Dead Man Walking makes the most concentrated impact of any piece of American music theater since West Side Story more than 40 years ago. San Francisco, one of the great patron houses of contemporary opera, has a historic achievement on its hands.

Although Heggie's opera is universal in its themes and moral scope, it is also aesthetically and culturally a distinctively American opera. By any conceivable standards, Dead Man Walking is a big opera emotionally. That's part of what one instantly respects about it.

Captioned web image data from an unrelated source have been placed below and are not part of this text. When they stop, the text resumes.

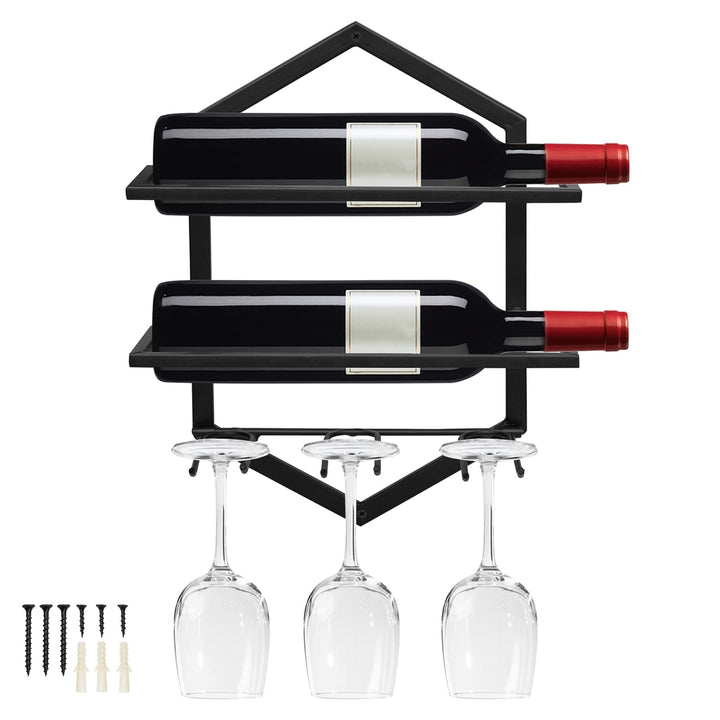 Giyiprpi Metall Wandmontierter Weinhalter Rack, Weinglashalter Hängend Stehen Organizer für 2 Flasch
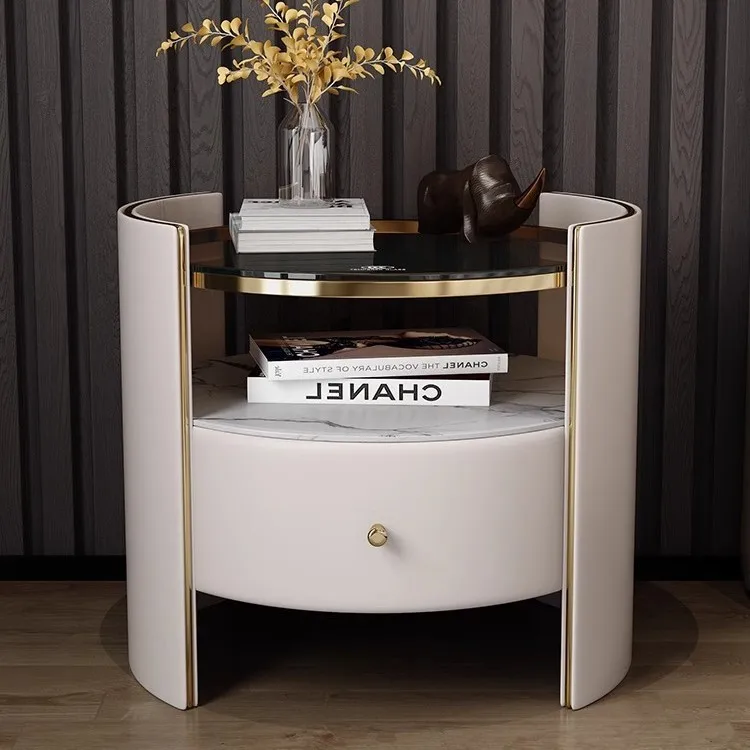 

Bedside Table Italian Minimalist Light Luxury Modern Simple Ins Internet Celebrity Designer Style Living Room Storage Solid Wood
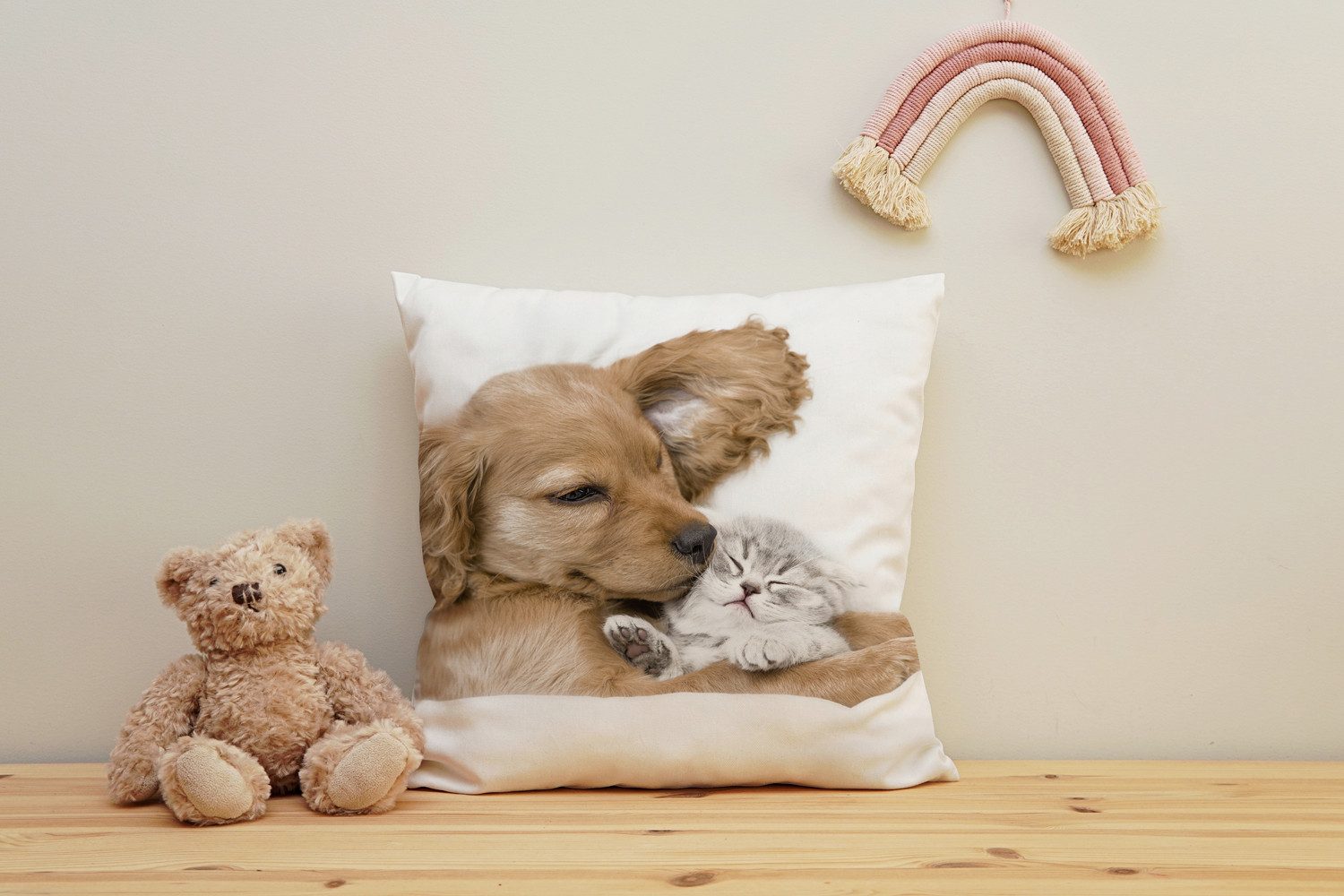 Dekokissen Welpe mit Katze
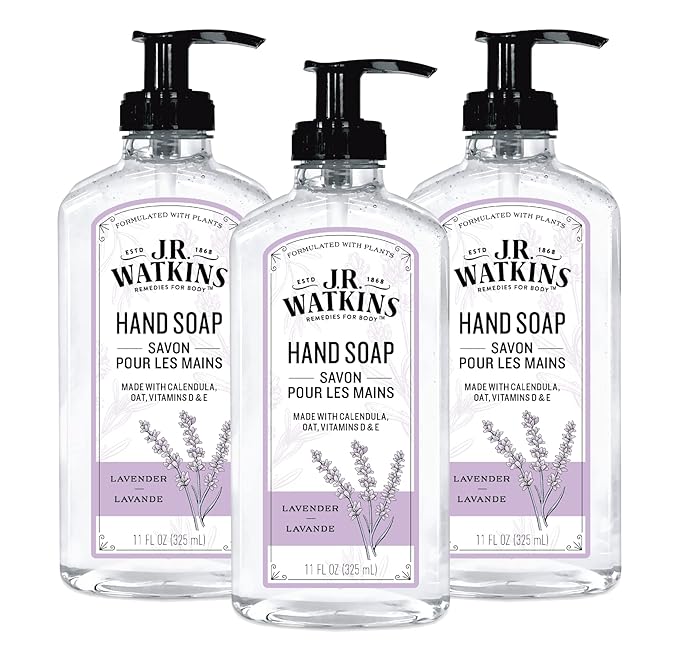 J.R. Watkins Gel Hand Soap, 3 Pack of 11 Fl Oz, Lavender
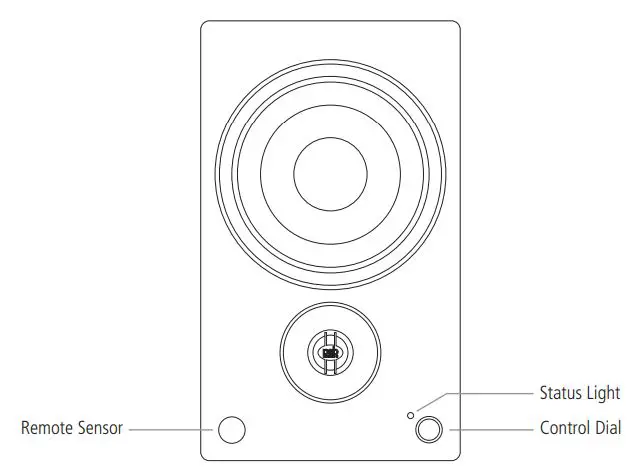 psb SPEAKERS ALPHA AM5 Powered Bookshelf Speakers - Front of the Amplified Speaker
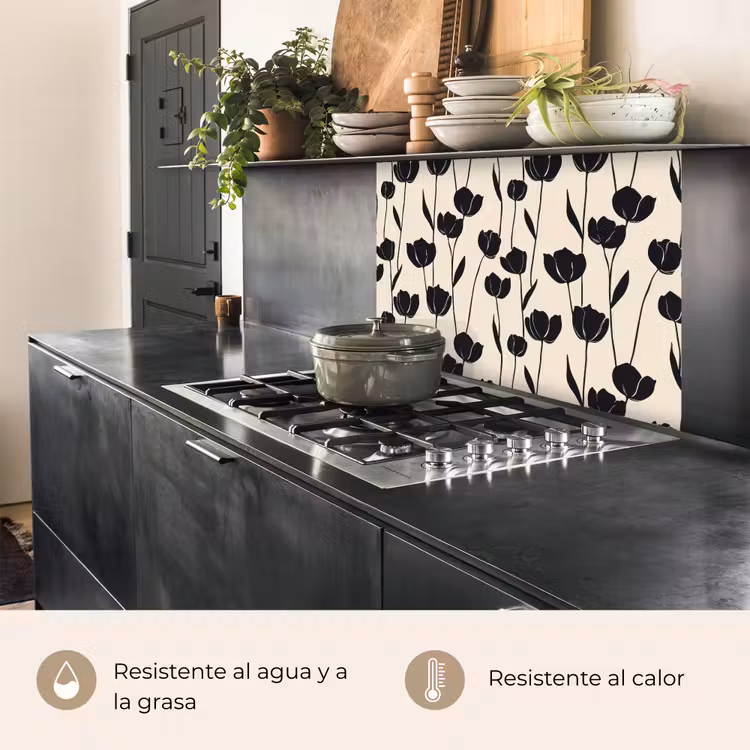 Revestimiento cocina - Tulipanes - Patrón - Negro — 4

... Heggie is an unabashed melodist. His music is rich and emotionally charged, and carries enormous atmospheric power. The orchestral writing is full of interest and subtlety. Heggie shows astonishing maturity for someone writing his first large-scale dramatic work. There is a sweep to this work which can only be called inspired. ... Heggie's achievement is simply immense.

 

NEW YORK MAGAZINE, Peter G. Davis

It's said that there are no second acts for new American operas. Well, here's one exception: Jake Heggie's Dead Man Walking, which has already chalked up an impressive history since its debut in San Francisco two years ago . . . There are virtually no dead-spots in this fluidly constructed, surefooted, consistently lyrical score. Heggie's strongest suit is his ability to find exactly the right musical contour for a line of text, penetrating to the heart of the emotional situation with expressive vocal writing that never fails to illuminate the characters. Everyone onstage has his or her distinct musical life, the dramatic pacing is impeccable, and the emotional climaxes arrive precisely on time. No wonder opera companies are lining up to stage the piece. 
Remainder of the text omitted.